# Can you find the needle in the haystack?

It was Candra’s turn to ‘set’ the #WOW2021 challenge this week providing a hint in the challenge description that the solution would involve sets.

As with many challenges, I built the data out in tabular format to start with to verify I had all the components and calculations correct. The areas of focus are

• Identify number of distinct customers per product
• Identify overall average number of distinct customers per product
• Identify if product above or below average distinct customers
• Identify Top 50 products by Sales
• Identify Unprofitable Products
• Identify products that are both in the top 50 AND unprofitable
• Building the viz

Identify number of distinct customers per product

To start off, add Product Name, Sub-Category, Category to the Rows shelf to begin building out a table.

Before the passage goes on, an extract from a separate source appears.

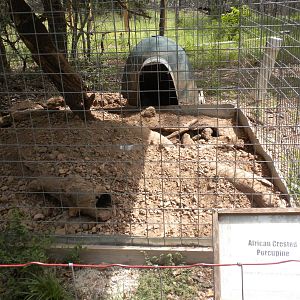 African Crested Porcupine exhibit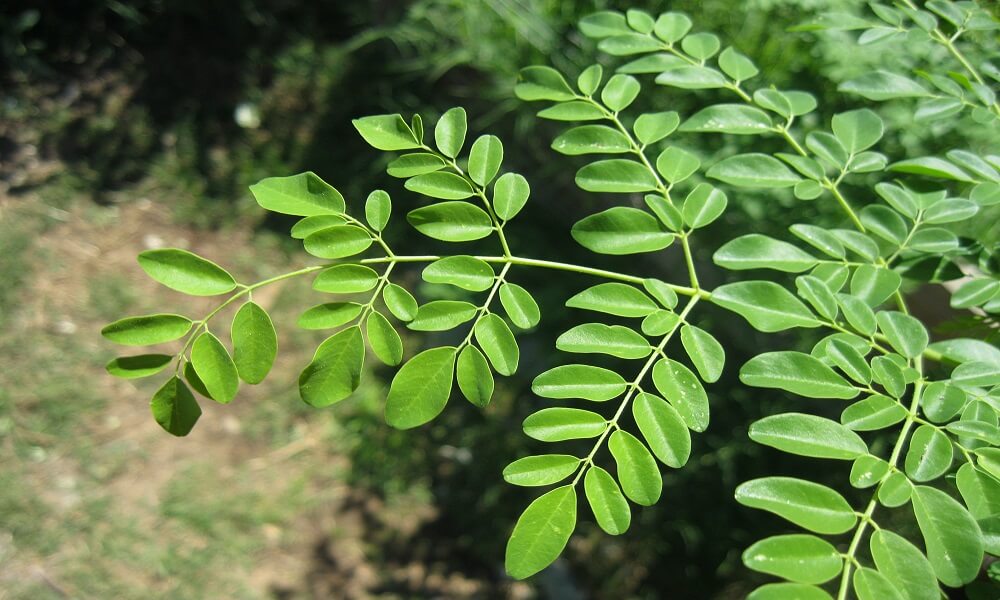 Moringa Oleífera Planta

Add Sales (formatted to \$k 0dp) and Profit (formatted to \$k 0dp with negative values as () ) to Text and sort by Sales descending.

To identify the distinct customers per product, we can create

Customer Count per Product

{FIXED [Product Name] : COUNTD([Customer ID])}

Identify overall average number of distinct customers per product

What we’re looking for here is the average of all the values we’ve got listed in the Customer Count per Product column. Ie we want to sum up those values displayed and divide by the number of rows.

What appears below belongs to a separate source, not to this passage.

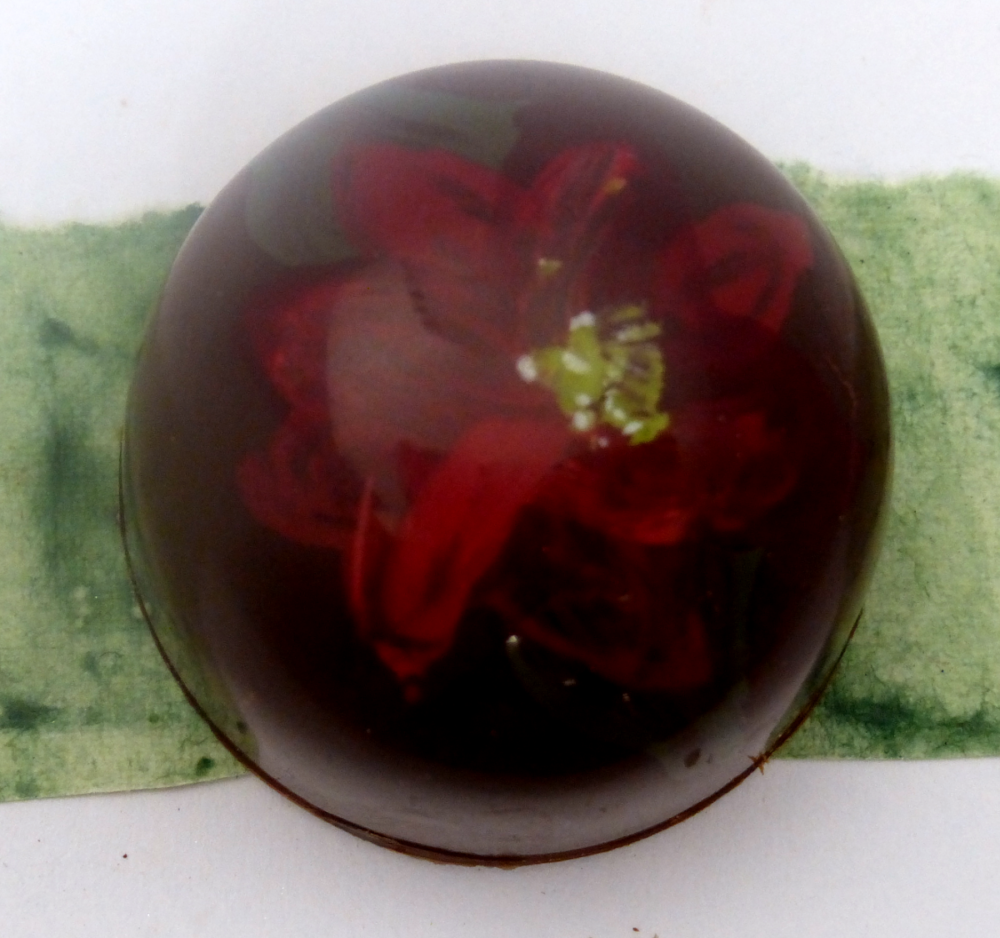 Poinsettia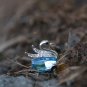 Sky Blue Swan Swarovski Crystal Element Cute Animal Necklace Aquamarine Dainty Pendant Chain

The number of rows is equivalent to the number of products, which we can get from

Count Products

{FIXED : COUNTD([Product Name])}

And so to get the overall average we calculate

Avg Overall Customer Count

{FIXED: SUM([Customer Count Per Product])} / [Count Products]

Add these fields to the view as well, so you can see how the values work per row. The last two calculations give you the same value across all rows.

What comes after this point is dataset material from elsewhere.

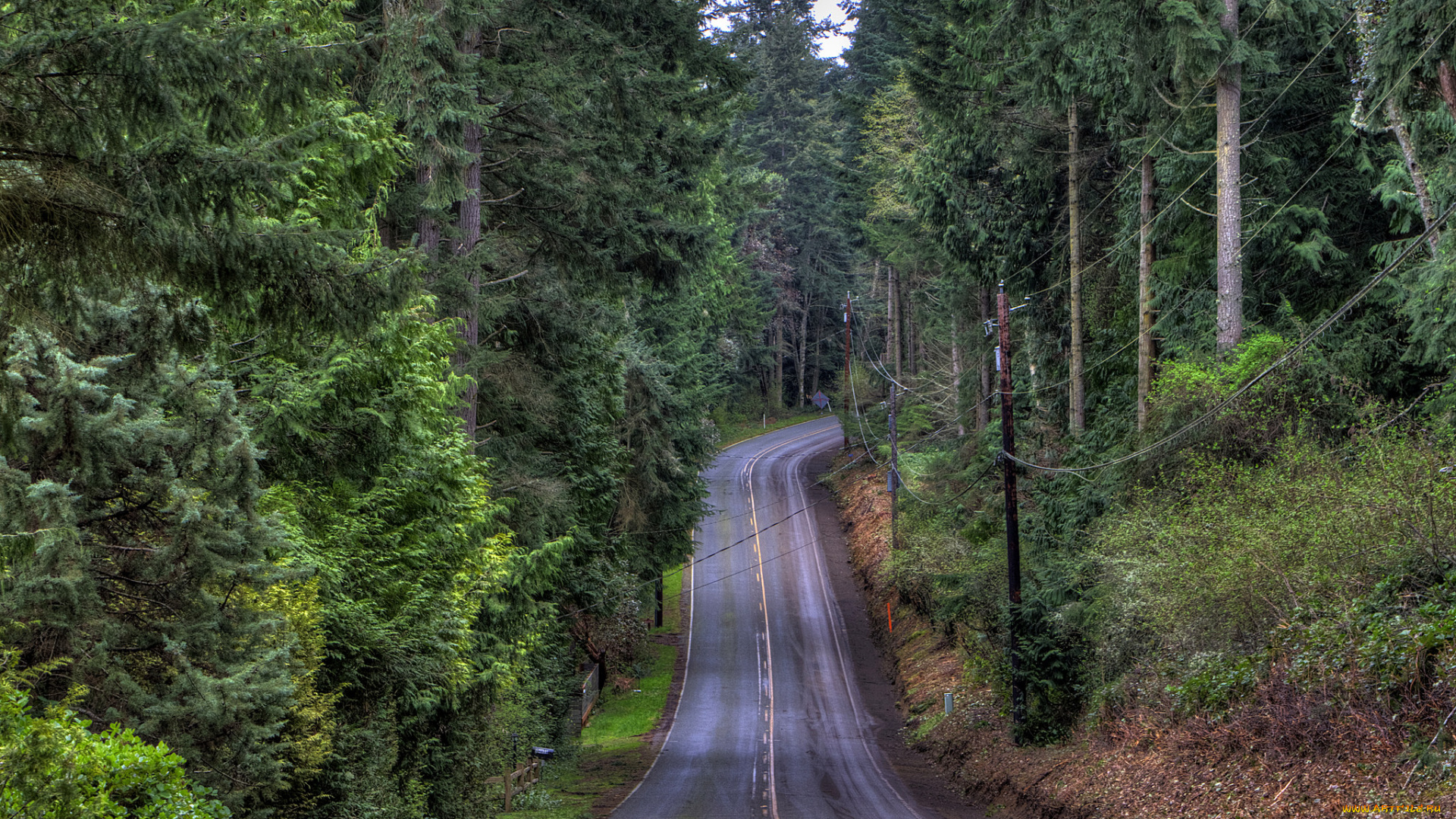 природа, дороги, тракт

Identify if product above or below average distinct customers

Given the above display, this is just a case of comparing values in 2 columns

Higher than Avg Customer Count

AVG([Customer Count Per Product]) > SUM([Avg Overall Customer Count])

this returns true or false – add this to the view too.

Identify Top 50 products by Sales

We can create a set for this. Right click on Product Name > Create > Set. Name the set something suitable eg Top 50 Products, and on the Top tab, state the number (50) and the field (Sales) and the aggregation (Sum)

Add this to the view, and if you’ve sorted by the sales, you should find the top 50 rows are all In the set, and the rest are Out.

Identify Unprofitable Products

We can use another set for this. Again create a set off of Product Name, call it Unprofitable Products, and on the Condition tab, set the condition so that the Sum of Profit is less than 0

Add this onto the view too.

Identify products that are both in the top 50 AND unprofitable

For this, we’re explicitly looking for the rows that are both In the Top 50 Products set and In the Unprofitable Products set.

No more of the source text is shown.